I was watching some video lecture, and the following fact was left as an exercise: If $U$ is a universal set in $\Sigma_k$ (i.e. $U$ itself is $\Sigma_k$, and for any $V$ that is $\Sigma_k$, we have $x\in V\iff \exists n : (n,x)\in U$, i.e., all $\Sigma_k$ sets can be obtained as sections of $U$) and if it is $\Pi_k$, then $D=\{x:(x,x)\in U\}$ is also $\Pi_k$.
I must be missing something, but isn't it kind of obvious?
Since $U\in \Pi_k$, there is a computable $R\subset N^{2k+2}$ such that
$(a,b)\in U\iff \forall y_1\exists y_2\dots\exists y_k R(a,b,y_1,\dots,y_k)$
In particular, this holds for $a=b=x$. So
$x\in D\iff (x,x)\in U\iff \forall y_1\exists y_2\dots\exists y_k R(x,x,y_1,\dots,y_k)$
and hence $D$ is $\Pi_k$.
Are there any flaws in this proof?
Yup, the argument is that simple!
Specifically, given any $X\subseteq\mathbb{N}^2$, let $diag(X)=\{x: (x,x)\in X\}$. Then since $diag(X)$ is defined using $X$ only positively (that is, no clauses of the form "$\not\in X$") and only applies computable operations to $x$ (that is, the function $\mathbb{N}\rightarrow\mathbb{N}^2:x\mapsto (x,x)$ is computable), the set $diag(X)$ will live in exactly the same "reasonable complexity classes" as $X$ itself. I'm not going to define "reasonable complexity class," since in fact I don't have a definition for it, but it applies to each of the $\Sigma_k$, $\Pi_k$, and $\Delta_k$ classes.

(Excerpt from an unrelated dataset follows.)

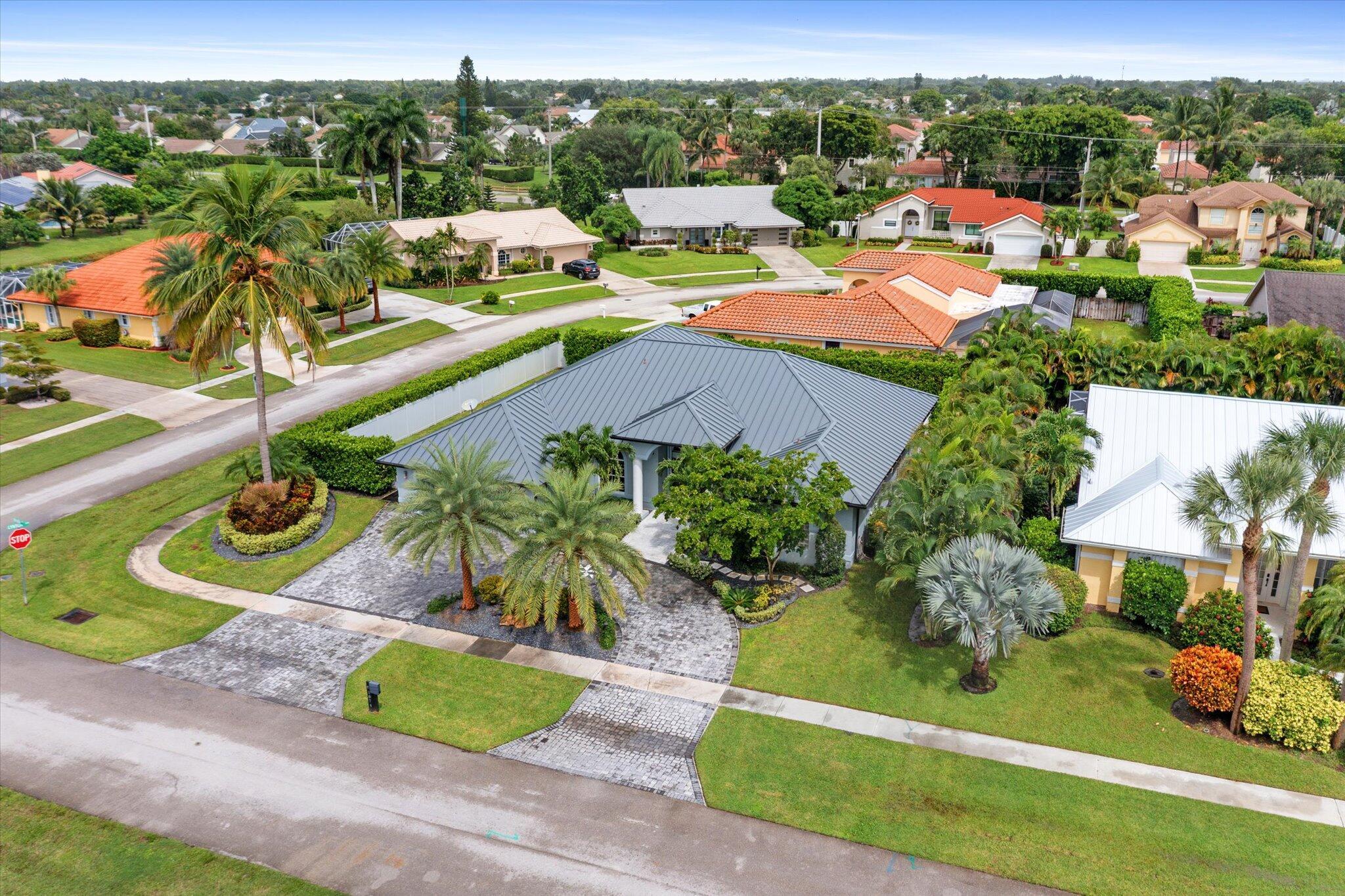 1874 Newhaven Avenue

This lets you prove (as you commented) that a $\Sigma_k$-universal set is not $\Pi_k$. Together with the construction of a $\Sigma_k$-universal set in the first place, this shows that the arithmetical hierarchy doesn't collapse. Another application is the nonexistence of $\Delta_k$-universal sets: if $U\subseteq\mathbb{N}^2$ is $\Delta_k$, then so is $A_U:=\{u: (u,u)\not\in U\}$ (since it's the complement of $\{u: (u,u)\in U\}$, which is $\Delta_k$ per the above observation, and the class $\Delta_k$ is closed under complements). But per Cantor we can't have $A_U$ be any of the "rows" of $U$.